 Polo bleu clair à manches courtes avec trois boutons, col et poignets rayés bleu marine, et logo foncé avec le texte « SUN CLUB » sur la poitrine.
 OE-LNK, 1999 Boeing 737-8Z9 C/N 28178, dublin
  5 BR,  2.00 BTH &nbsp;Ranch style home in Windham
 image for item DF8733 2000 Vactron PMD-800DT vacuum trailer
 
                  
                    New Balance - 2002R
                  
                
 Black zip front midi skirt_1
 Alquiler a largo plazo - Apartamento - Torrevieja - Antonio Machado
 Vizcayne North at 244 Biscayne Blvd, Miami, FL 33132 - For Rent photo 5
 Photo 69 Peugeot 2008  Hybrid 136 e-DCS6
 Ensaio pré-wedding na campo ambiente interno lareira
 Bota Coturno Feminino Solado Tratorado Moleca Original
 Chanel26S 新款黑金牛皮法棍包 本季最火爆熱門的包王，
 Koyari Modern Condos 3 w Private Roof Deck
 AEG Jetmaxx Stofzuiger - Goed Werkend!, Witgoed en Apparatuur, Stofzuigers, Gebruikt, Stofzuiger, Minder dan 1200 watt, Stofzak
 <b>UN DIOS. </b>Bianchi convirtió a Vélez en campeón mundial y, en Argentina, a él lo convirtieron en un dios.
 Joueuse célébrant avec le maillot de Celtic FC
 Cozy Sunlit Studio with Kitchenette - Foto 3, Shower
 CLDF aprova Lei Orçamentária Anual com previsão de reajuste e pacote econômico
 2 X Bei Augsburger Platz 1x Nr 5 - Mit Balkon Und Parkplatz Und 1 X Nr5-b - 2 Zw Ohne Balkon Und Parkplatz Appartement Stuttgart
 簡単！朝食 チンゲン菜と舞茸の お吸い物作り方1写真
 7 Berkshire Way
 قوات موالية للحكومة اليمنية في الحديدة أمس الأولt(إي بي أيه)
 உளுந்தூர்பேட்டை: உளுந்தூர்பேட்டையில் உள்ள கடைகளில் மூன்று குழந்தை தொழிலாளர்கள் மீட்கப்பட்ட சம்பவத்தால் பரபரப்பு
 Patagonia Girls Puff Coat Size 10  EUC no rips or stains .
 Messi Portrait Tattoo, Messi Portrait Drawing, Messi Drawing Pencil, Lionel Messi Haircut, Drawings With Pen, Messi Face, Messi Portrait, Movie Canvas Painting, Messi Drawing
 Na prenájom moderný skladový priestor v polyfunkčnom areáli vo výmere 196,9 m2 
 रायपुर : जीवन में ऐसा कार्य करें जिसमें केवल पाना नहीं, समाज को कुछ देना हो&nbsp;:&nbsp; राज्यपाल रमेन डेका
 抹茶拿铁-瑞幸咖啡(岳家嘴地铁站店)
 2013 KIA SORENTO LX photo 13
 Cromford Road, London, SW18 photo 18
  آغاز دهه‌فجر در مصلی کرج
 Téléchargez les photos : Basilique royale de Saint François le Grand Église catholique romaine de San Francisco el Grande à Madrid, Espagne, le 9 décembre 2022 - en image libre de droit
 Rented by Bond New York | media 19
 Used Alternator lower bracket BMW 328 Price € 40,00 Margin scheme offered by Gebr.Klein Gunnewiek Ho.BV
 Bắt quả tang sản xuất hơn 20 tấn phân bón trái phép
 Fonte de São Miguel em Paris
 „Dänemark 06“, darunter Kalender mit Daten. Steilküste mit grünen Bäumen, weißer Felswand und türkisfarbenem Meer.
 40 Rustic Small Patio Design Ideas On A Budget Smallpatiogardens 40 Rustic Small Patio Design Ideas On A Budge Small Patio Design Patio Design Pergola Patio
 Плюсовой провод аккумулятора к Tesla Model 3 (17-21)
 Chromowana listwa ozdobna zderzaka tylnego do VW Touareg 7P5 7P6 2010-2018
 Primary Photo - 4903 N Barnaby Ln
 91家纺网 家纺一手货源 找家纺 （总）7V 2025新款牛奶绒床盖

********

Task to complete: Go back to the listing above. Copy word for word the lines from the one with "Messi Portrait Tattoo, Messi" through the one with "Na prenájom moderný", and nothing more.

Solution to the exercise:
 Messi Portrait Tattoo, Messi Portrait Drawing, Messi Drawing Pencil, Lionel Messi Haircut, Drawings With Pen, Messi Face, Messi Portrait, Movie Canvas Painting, Messi Drawing
 Na prenájom moderný skladový priestor v polyfunkčnom areáli vo výmere 196,9 m2 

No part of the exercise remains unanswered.